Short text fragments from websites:
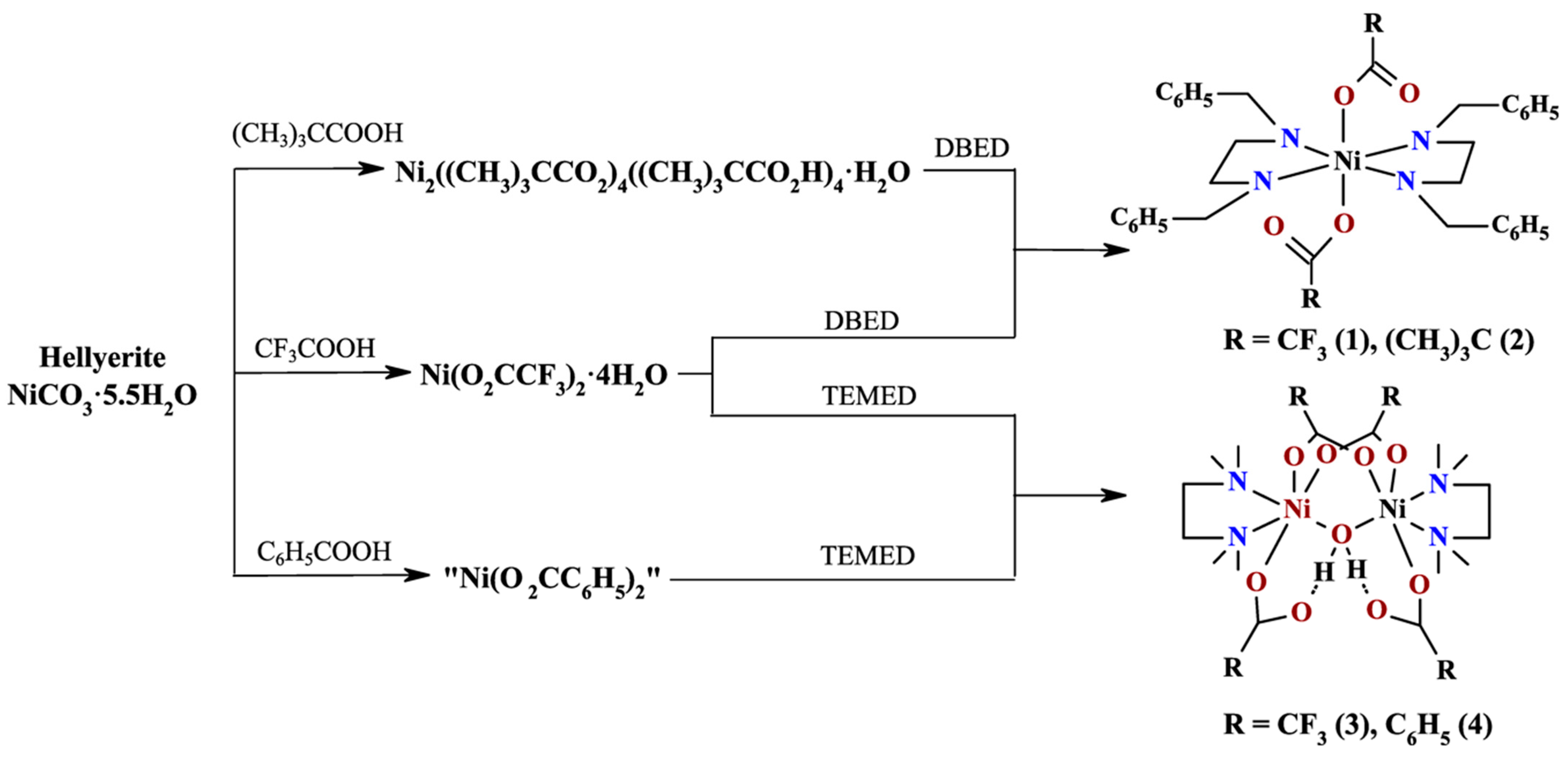 Catalysts 13 00304 g001 Catalysts 13 00304 g001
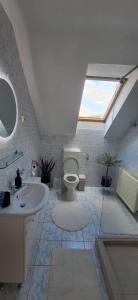 a bathroom with a sink and a toilet in it at The HOME in Ditrău
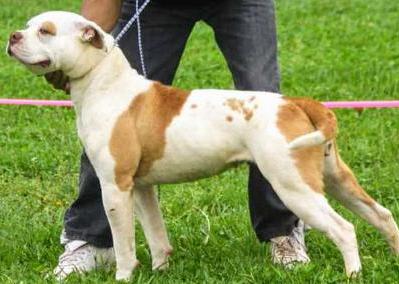 SEB'S Xena of GGK's | American Bulldog 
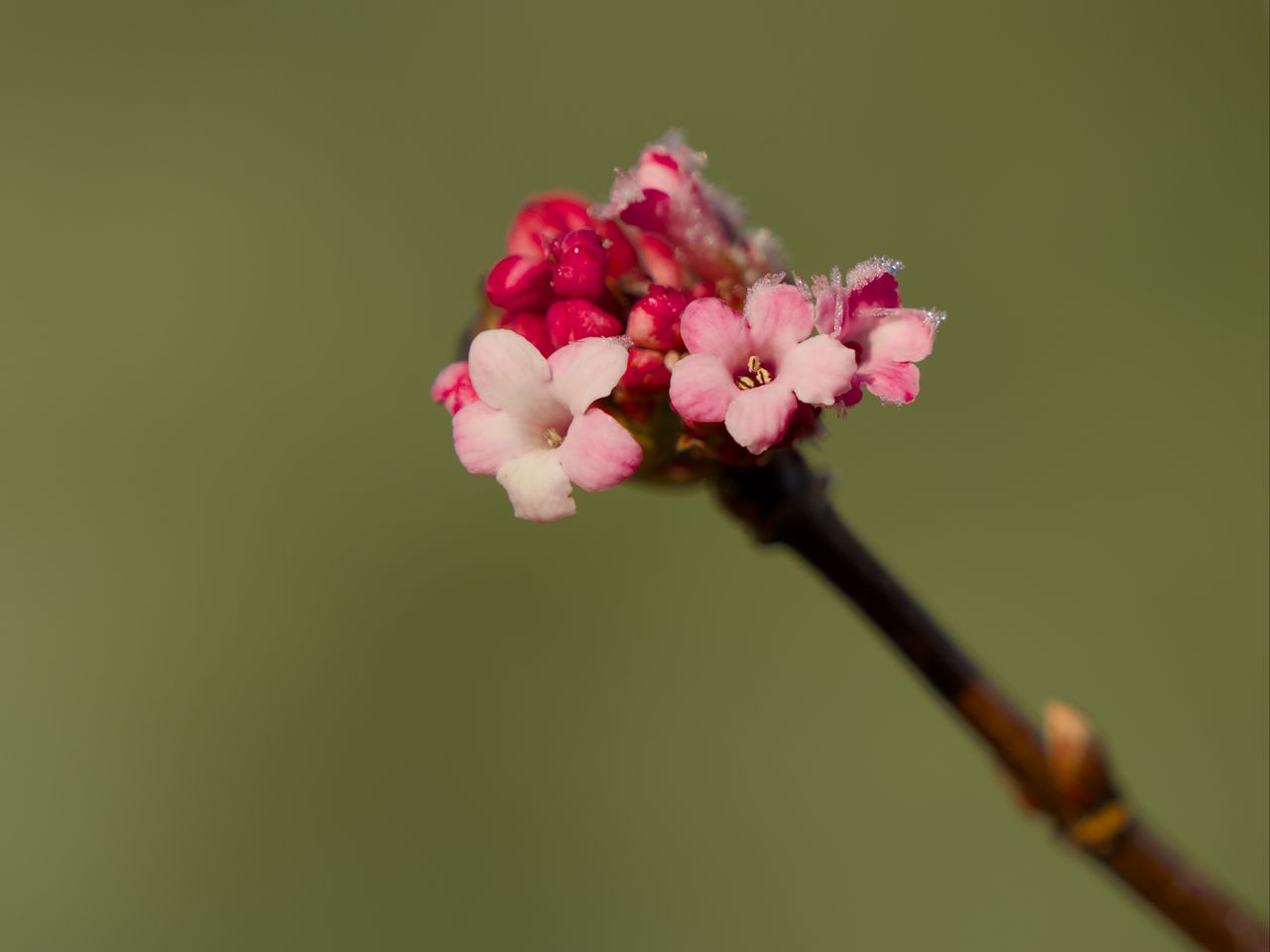 1280x960 Wallpaper flowers, buds, spring, petals, pink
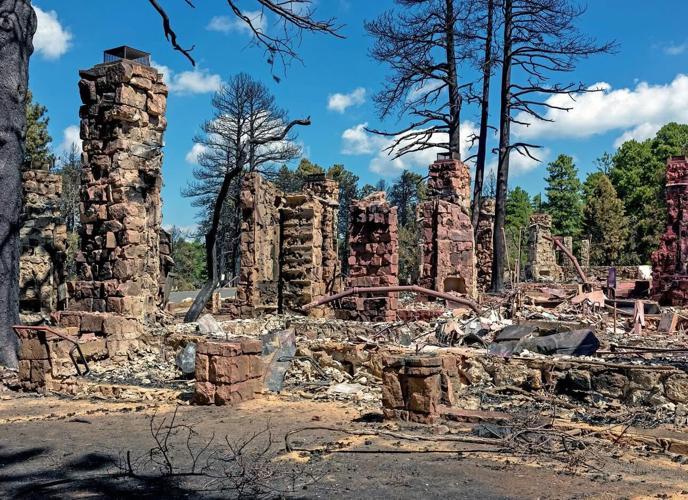 Grand Canyon shows its resilience a year after massive Dragon Bravo Fire
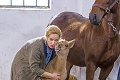 Exteriéry obľúbeného seriálu odhalené: Kde sa nakrúcajú Divoké kone?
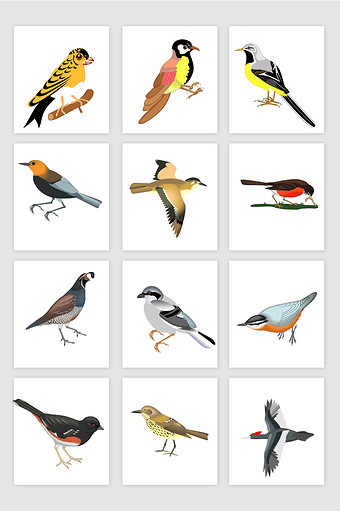 斑鸠叫声音效下载_斑鸠叫声mp3音效素材大全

Aim of the exercise =
Print exactly the line containing "SEB'S Xena of GGK's | American Bulldog" and every line after it through the final line above, and leave all pictures out.

Answer area =
 SEB'S Xena of GGK's | American Bulldog 
 1280x960 Wallpaper flowers, buds, spring, petals, pink
 Grand Canyon shows its resilience a year after massive Dragon Bravo Fire
 Exteriéry obľúbeného seriálu odhalené: Kde sa nakrúcajú Divoké kone?
 斑鸠叫声音效下载_斑鸠叫声mp3音效素材大全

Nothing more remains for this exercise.